* [Data to process]:
···
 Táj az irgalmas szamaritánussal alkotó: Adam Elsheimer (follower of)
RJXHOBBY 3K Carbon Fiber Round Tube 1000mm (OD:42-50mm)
···
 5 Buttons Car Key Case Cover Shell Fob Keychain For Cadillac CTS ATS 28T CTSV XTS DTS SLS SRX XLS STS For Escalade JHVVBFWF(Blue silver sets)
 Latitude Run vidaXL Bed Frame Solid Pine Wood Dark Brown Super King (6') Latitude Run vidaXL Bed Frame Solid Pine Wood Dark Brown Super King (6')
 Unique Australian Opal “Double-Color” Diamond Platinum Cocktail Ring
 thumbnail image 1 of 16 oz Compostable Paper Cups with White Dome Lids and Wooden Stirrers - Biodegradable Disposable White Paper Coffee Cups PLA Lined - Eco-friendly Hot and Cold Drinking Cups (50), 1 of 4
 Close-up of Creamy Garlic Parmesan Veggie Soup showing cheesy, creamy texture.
···
Repeat word for word the lines above that run from the line containing "Táj az irgalmas" through the line containing "RJXHOBBY 3K Carbon", both ends included, and nothing else.

* [Output below]:
 Táj az irgalmas szamaritánussal alkotó: Adam Elsheimer (follower of)
RJXHOBBY 3K Carbon Fiber Round Tube 1000mm (OD:42-50mm)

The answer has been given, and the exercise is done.